One big stream of data heads towards Budapest (25) ,Vienna (25) and another to Prague (15). Those are mostly transit ports, that transfer data further to Germany, the Netherlands , the UK or Switzerland.

Frankfurt, Germany, is by far the capital of our data flow, the biggest transit port of our data. Half of our packets pass through this city at some moment, mostly through the DE-C IX Internet Exchange Point. This place is not just the biggest gathering point for all internet packets that come from Serbia, but the biggest Internet Exchange place in the World, connecting more than 600 ISPs.

Even though Frankfurt is a transit capital, not a lot of data is actually hosted there. The biggest share of our sample websites that are hosted in Europe are situated in Amsterdam. Another interesting fact is that more than half of those 11 websites are related to pornography. This is the red light district of the Internet’s second biggest port.

36% of our visits head over the Atlantic ocean to the US. Unlike the case of European countries where most of the data is in transit, here the data is hosted.
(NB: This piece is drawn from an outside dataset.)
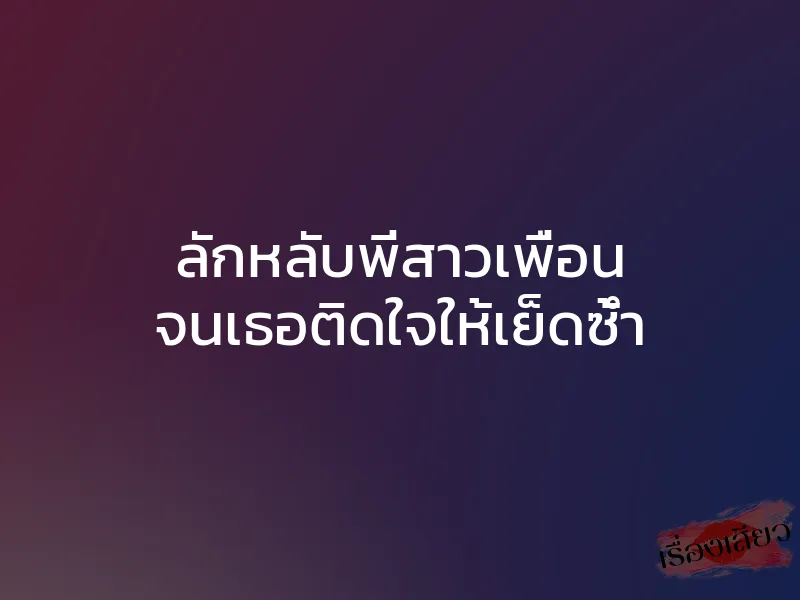ลักหลับพี่สาวเพื่อน จนเธอติดใจให้เย็ดซ้ำ 1 ลักหลับพี่สาวเพื่อน จนเธอติดใจให้เย็ดซ้ำ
When looking at the overall picture regarding hosting of the most visited websites by internet users from Serbia, the conclusion that can be drawn is that the US’ hosting providers are dominant over the EU’s and Serbia’s (36% US, 27% EU, 27% RS).

Regarding data transfer, the most important location on the US East coast is Ashburn, Northern Virginia – one of the Internet’s capitals, home to a large number of data centers, a strategic communications hub for the eastern United States, a major communications gateway to Europe and the largest Internet peering point in North America.
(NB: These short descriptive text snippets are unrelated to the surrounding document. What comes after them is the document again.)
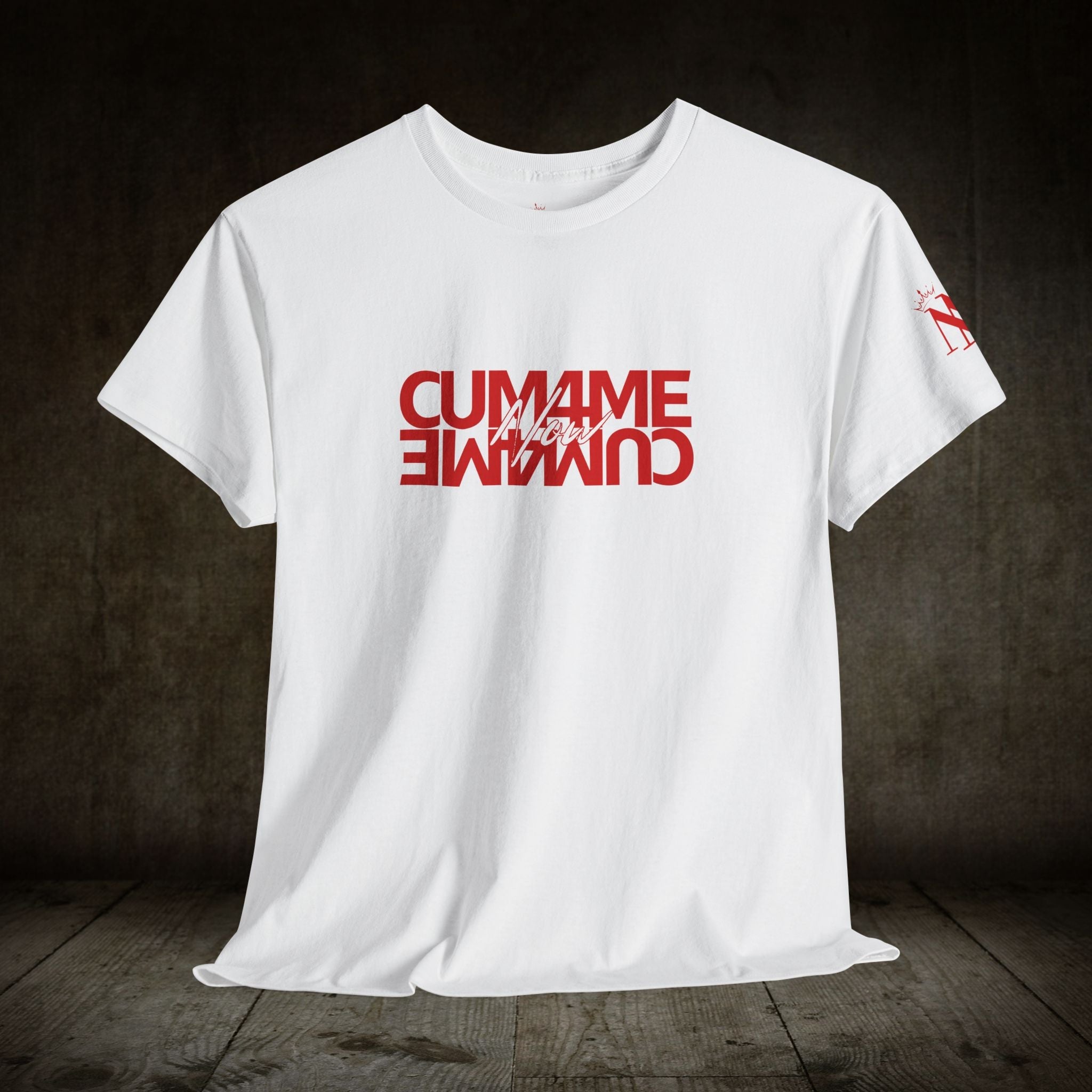 Cum 4 Me Now | Mix & Match Cotton Unisex Fun-Flirty Lovers’ T-Shirts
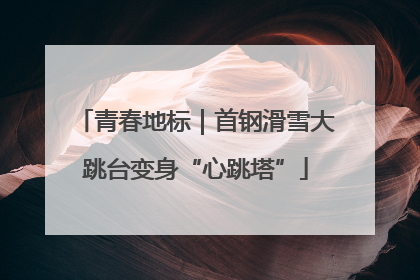 青春地标｜首钢滑雪大跳台变身“心跳塔”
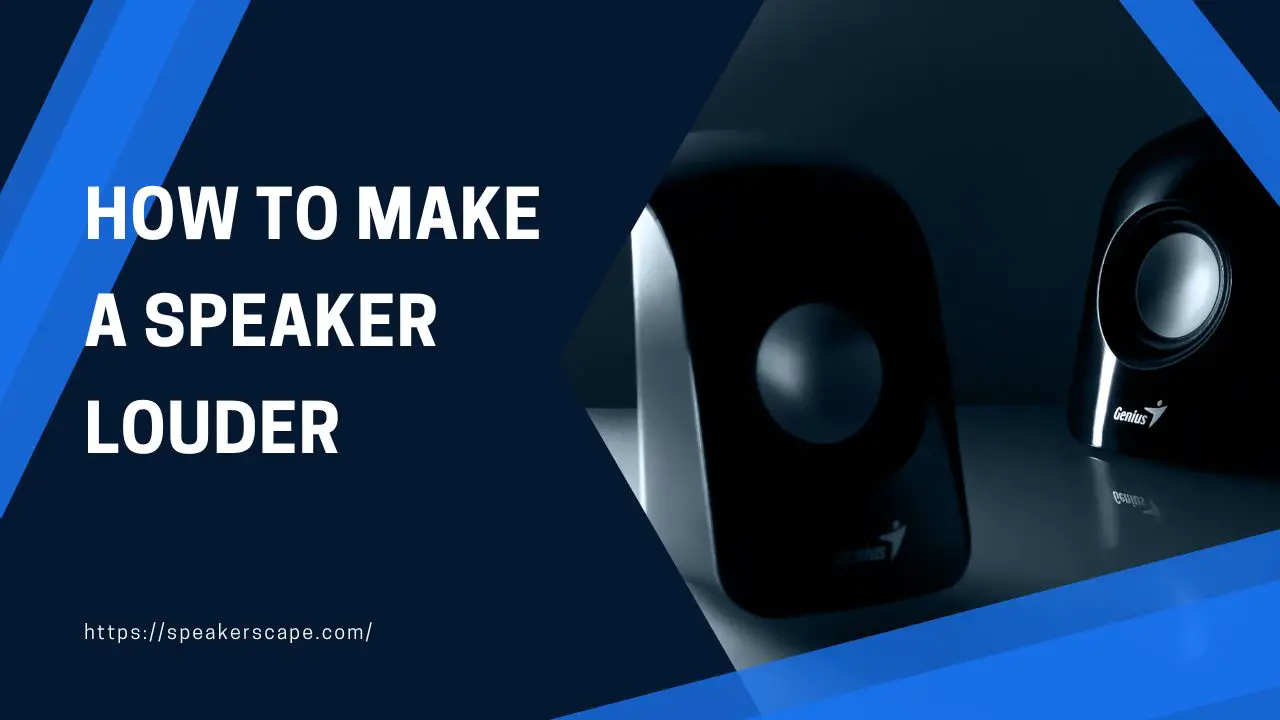 how to make a speaker louder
Regarding the results of our research, the concentration of the final destinations of our Internet packets is dense on the West coast, especially around San Francisco and the Silicon Valley. But what we can not be sure of is whether this is the final destination or just a mask. The findings of our other research say that the exact locations are somewhere else, mostly around Northern Virginia, where big data centers of Google, Facebook and Amazon are located.
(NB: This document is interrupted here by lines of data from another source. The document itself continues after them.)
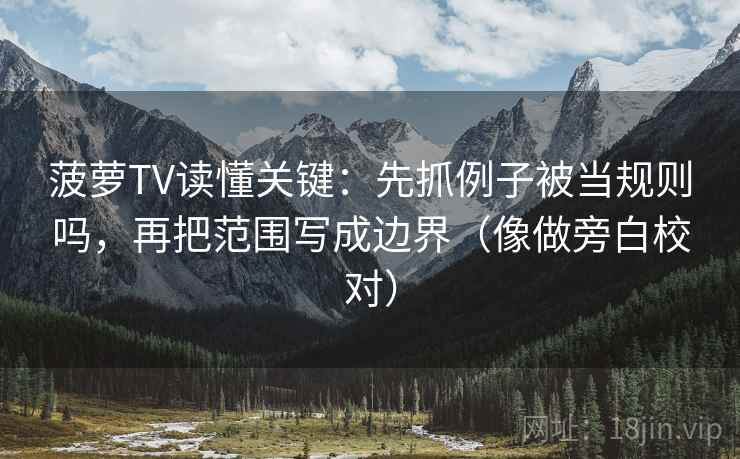 菠萝TV读懂关键：先抓例子被当规则吗，再把范围写成边界（像做旁白校对）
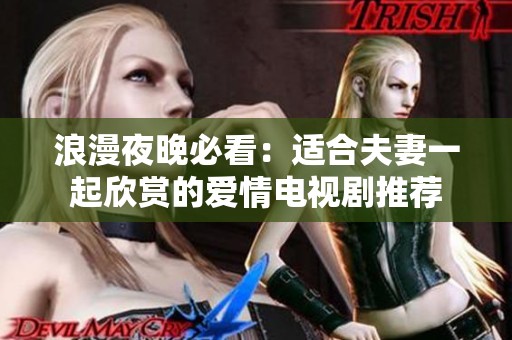 浪漫夜晚必看：适合夫妻一起欣赏的爱情电视剧推荐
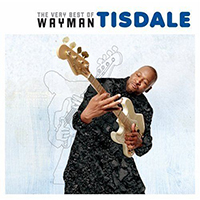 Wayman Tisdale - The Very Best of Wayman Tisdal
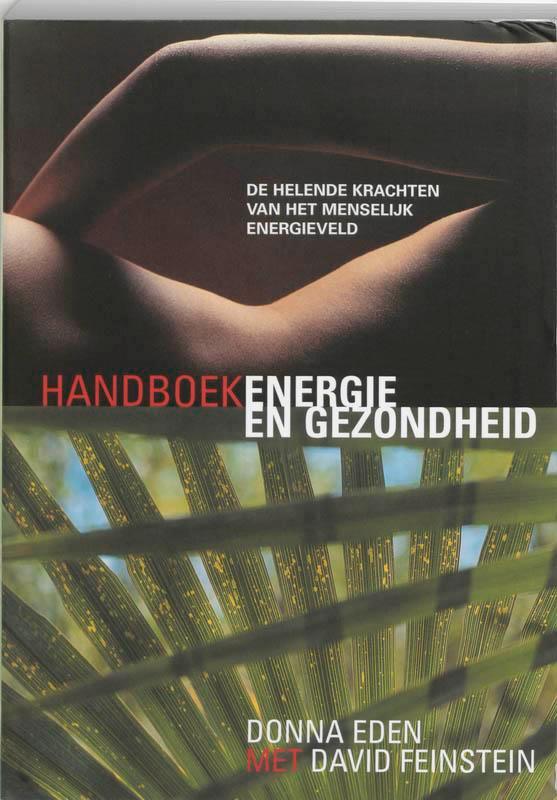 Handboek energie en gezondheid 9789069636764 D. Eden, Boeken, Gezondheid, Dieet en Voeding, Gelezen, Verzenden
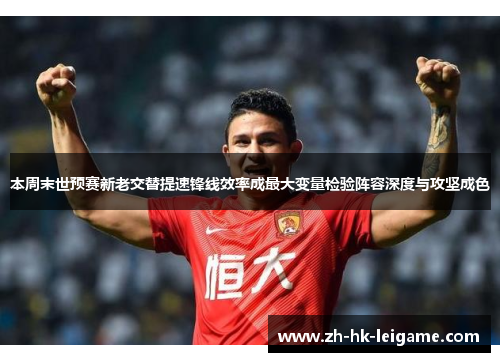 本周末世预赛新老交替提速锋线效率成最大变量检验阵容深度与攻坚成色 本周末世预赛新老交替提速锋线效率成最大变量检验阵容深度与攻坚成色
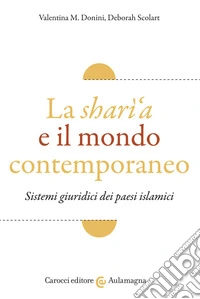 La sharì'a e il mondo contemporaneo. Sistemi giuridici dei paesi islamici
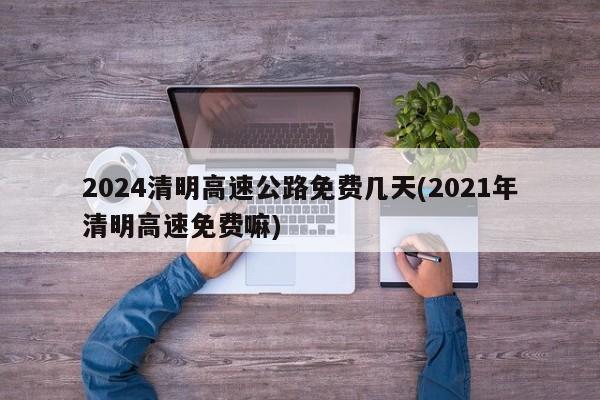 2024清明高速公路免费几天(2021年清明高速免费嘛)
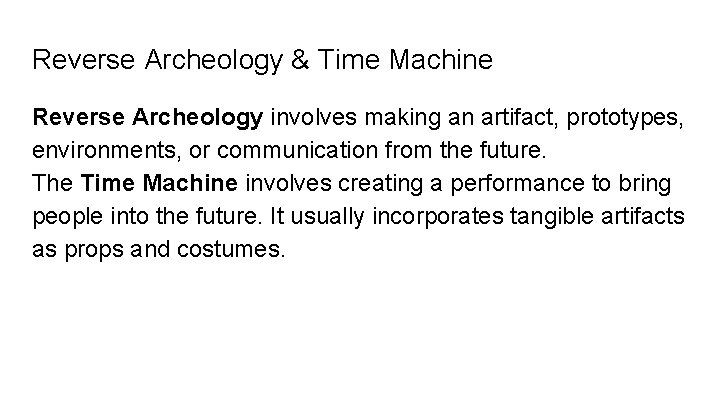 Reverse Archeology & Time Machine Reverse Archeology involves making an artifact, prototypes, environments, or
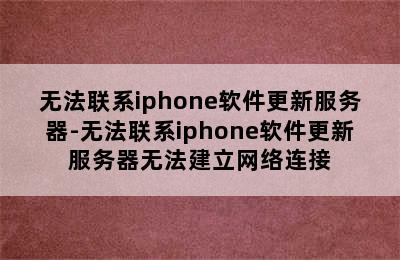 无法联系iphone软件更新服务器-无法联系iphone软件更新服务器无法建立网络连接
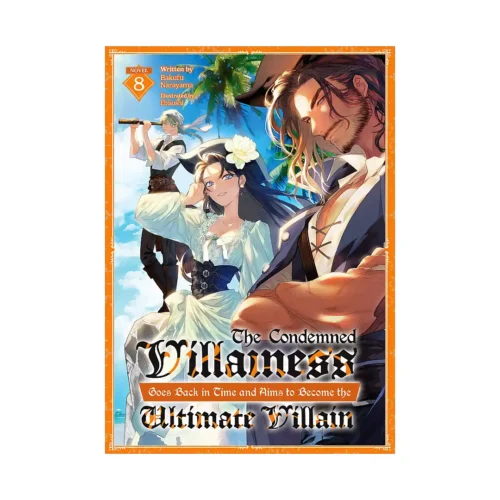 9798897651733 The Condemned Villainess Goes Back in Time and Aims to Become the Ultimate Villain (Light Novel) Volume 08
According to our research, it seems that the Internet we use is not such a decentralized place after all.

Based on our sample, the Internet we use consists of main data transit and hosting sites, capitals of data flow, situated in only 13 countries, where our data either flows through or ends its’ journey. This structure is very different from the original idea of a mash, decentralized network, conceptualized in the beginnings of the Internet.

On the other hand, none of the websites from the list of the top 100 visited are outside of Europe and the US, not even from the region.

National borders of the Internet

For the purpose of this research, we can examine two different types of “borders” that exist on the Internet. The existence of the first type is consequential to the fact that in order to operate in a certain country, Internet Service Providers are obliged to act in accordance with different national laws and regulations. The fact that physical infrastructure, i.e. cables, routers, switches and servers are located on the territory of one country and that this infrastructure is owned and managed by a legal entity (company or institution), subjected to national regulations, directly points to links between the state, Internet Service Providers and the data traveling through the networks. For example, Internet Service Providers operating on the territory of Serbia are obliged by the Serbian Law on Electronic Communications to keep all the metadata and give different state institutions access to this data. In order to ensure their customers access to the entire Internet, ISPs have different interconnection points with providers in other, usually neighboring countries. Data, while traveling from one ISP to another, crosses the theoretical border point where one state jurisdiction ends and another starts. Borders applicable to the Internet are the same as the ones found in the “real” world. Internet Service Providers are the gatekeepers of the Internet and therefore any potential form of state censorship, filtering or throttling of traffic is most likely be conducted in cooperation with them. Mapping interconnection points of national and international providers and analysis of the network topology structure allow us to better understand the key points of this infrastructure, where potential Internet censorship, filtering or traffic throttling could happen.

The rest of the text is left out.